北海道京極町の農業法人で、現職町議らが特定技能で働くミャンマー人女性らに暴行や暴言、セクハラを繰り返していた疑いが発覚しました。命からがら脱出した労働者を保護する労組が会見を開き、悲痛な被害の実態を明かしました。
“特定技能”外国人を虐待か 京極町の農場男女6人保護
北海道内で、今の時代にこんなことが行われていたとは。
父親 「何だその目。文句あるのか。言ってみろ。したら」
7月中旬、特定技能で働くミャンマー人が撮影しました。
父親 「分からんか、この野郎。ちょっと来い。来いって教えてやっから。来いって教えやっから。ほら」
突然、ミャンマー人の胸倉をつかみ、倉庫の外に引っ張っていきます。
特定技能の資格で働く外国人従業員への暴行や虐待の疑いがもたれているのは、北海道後志の京極町にあるブロッコリーなどを栽培する農業法人です。
「日本のご主人様は誰だ!」大声で威圧する現職町議
熊谷七海記者 「農場で外国人たちがブロッコリーを収穫しています」
この農業法人は、現職の町議会議員である60代の父親と、40代の2人の息子が取り仕切っていて、父親などから仕事中に暴行や威圧などの虐待行為を受けたということです。
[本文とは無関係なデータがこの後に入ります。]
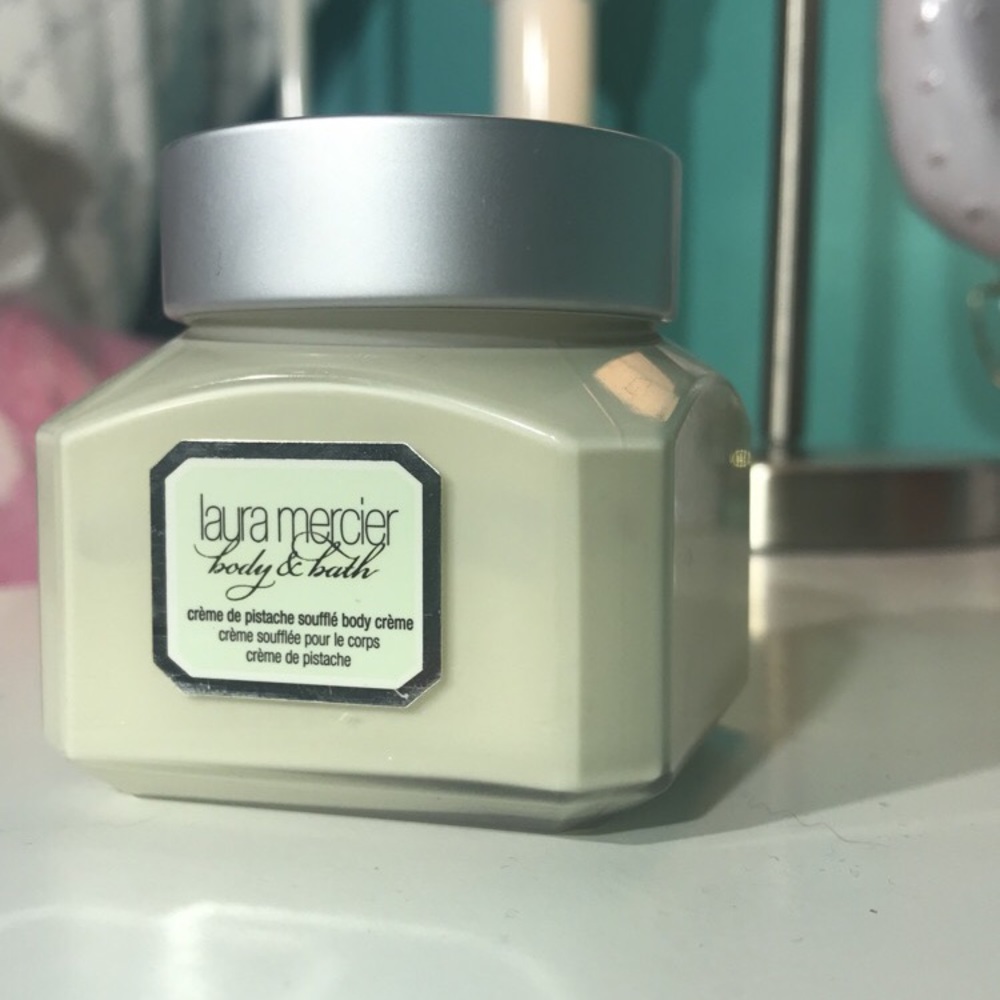 💛LAURA MERCIER💛 Pistachio Soufflé Body Creme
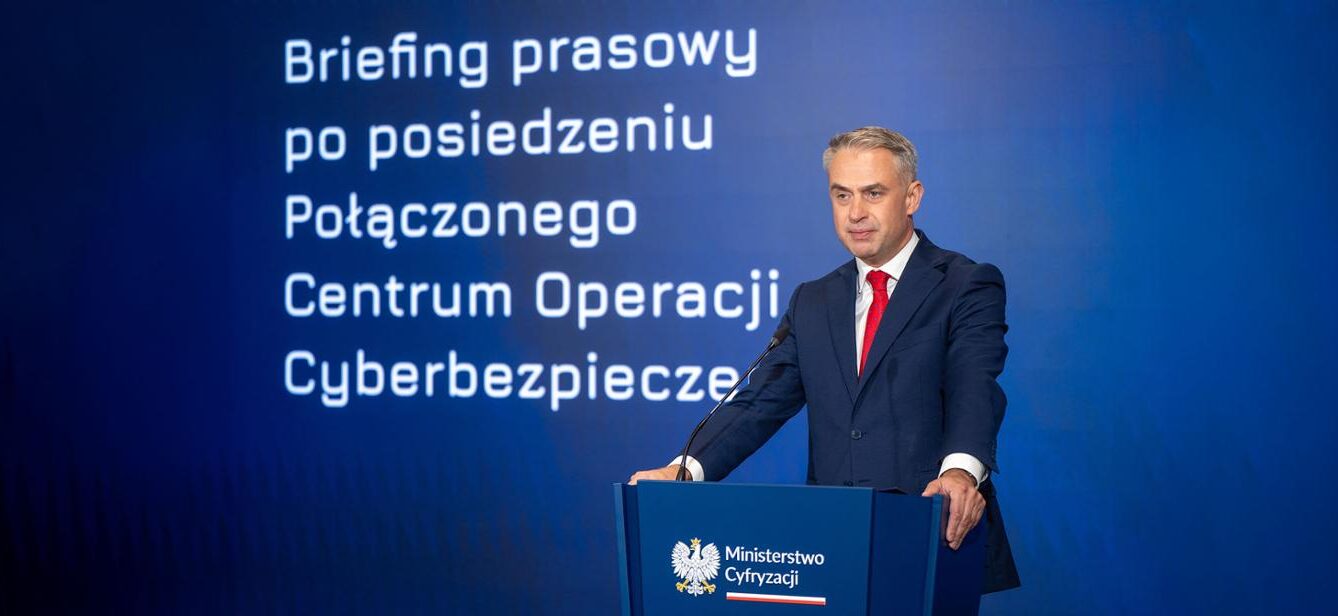 Krzysztof Gawkowski: Wyciek danych z MyDr może dotyczyć 18,8 mln osób. Sprawdź, jak zastrzec PESEL, zweryfikować dane i rozpoznać fałszywe wiadomości./ MC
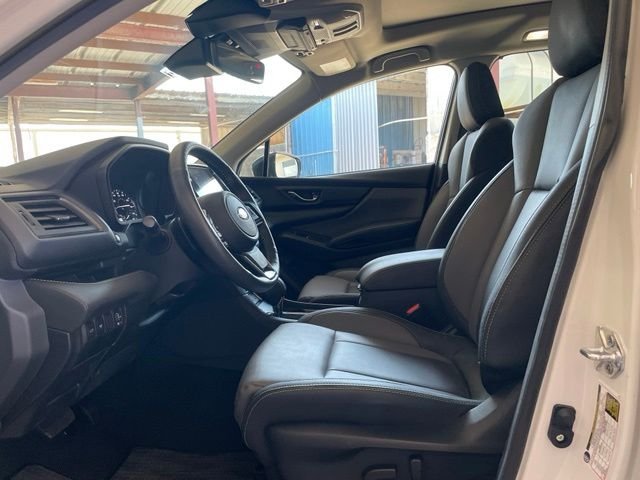 Used 2025 White Subaru Onyx Edition image 10
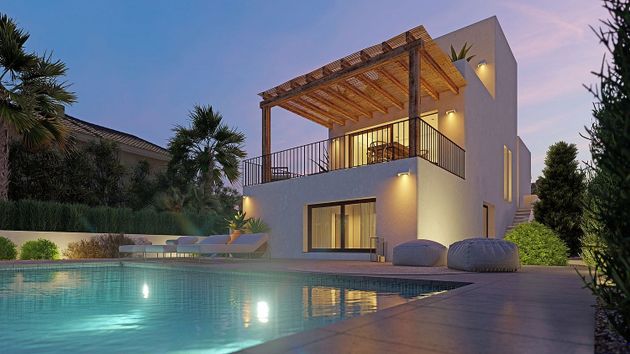 Foto 1 de Xalet en venda a Oliva Playa de 5 habitacions amb terrassa i piscina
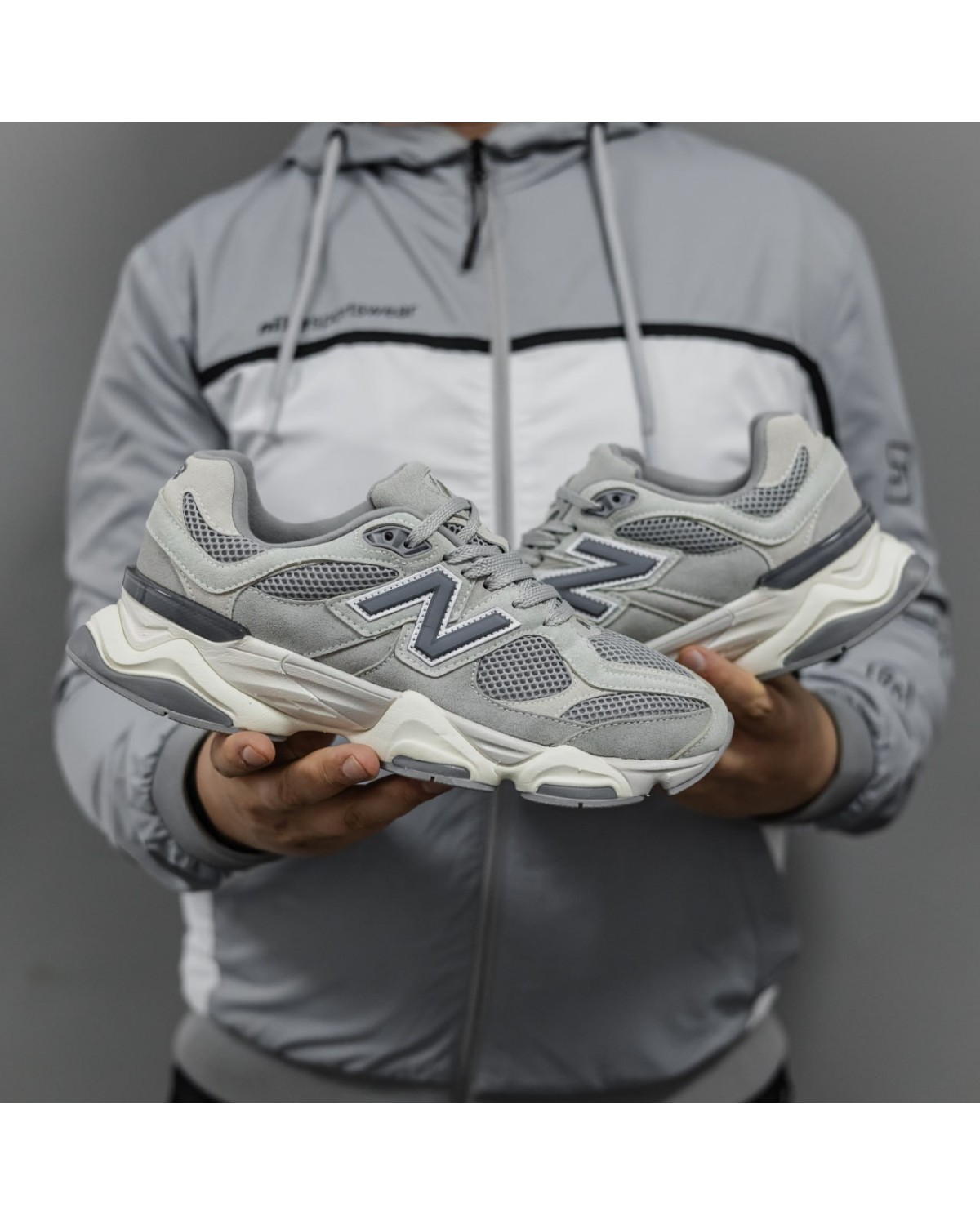 New Balance 9060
ミャンマー人 「どうして私の顔をたたいたんですか、社長」
ミャンマー人が突然、顔をたたかれたといいます。
父親 「アホなことをするからだ」 ミャンマー人 「どうして私の顔をたたくのですか」 父親 「仕事しないからだべ。言ったことも分からん」
大声をあげるのは、父親とみられ地元の現職、町議会議員でもあります。
父親 「こら!言うこと聞かないと(ミャンマーに)帰すからな。こら!なんだお前その態度。何回も言ったろお前ら。暑かったらカッパ脱げ。水飲め。やったか?お前。カッパ脱いだか?いつ脱いだのよ。頭痛くなるギリギリまで着てたんだろ、お前。ずっと見てるんだぞ」
父親 「頭痛い、具合悪い、仕事できない、そんな奴いらん。なぜやらんよ!俺の言うこと聞かないんだ。どいつもこいつも。お前たちの雇い主だ。日本のご主人様は誰だ!」
鉄の棒でたたかれ、胸を触られるセクハラ被害も
この4人の女性は、7月、農業法人から脱出。現在、札幌のキリスト教会で保護されています。私たちの取材に、口々に被害を訴えます。
この女性は写真のような鉄の棒で突然叩かれたといいます。
被害に遭った女性 「後ろから棒で2回たたかれました。人生で一度も手上げられたことがないし、突然たたかれたので、私は泣きました」
日本語の指示がうまく理解できないと、父親はたびたび怒鳴り、叩いたといいます。さらに。
熊谷七海記者 「こっちも?」
父親から胸を触られたり、おしりを叩かれたりしたと訴えます。
被害に遭った女性 「恐怖と恥ずかしい気持ちでいっぱいとなり、一日中ずっと泣いていました」
「法が及ばない治外法権」労組が緊急会見
農業法人から避難したミャンマー人6人を保護する札幌地域労組は21日午前、弁護士同席で会見を開きました。
札幌地域労組 鈴木一顧問 「初日から棒で殴られる。そういう環境。本当にひどいなと。いまだにこんなことがあるのと『治外法権』という言葉ありますよね。(法人の)敷地のところは日本の法律が及ばないよという状況だったと思う」
法人側は、HBCの取材にいまのところ応じていません。札幌地域労組は農業法人に対して暴行や虐待行為の即時停止などを求めています。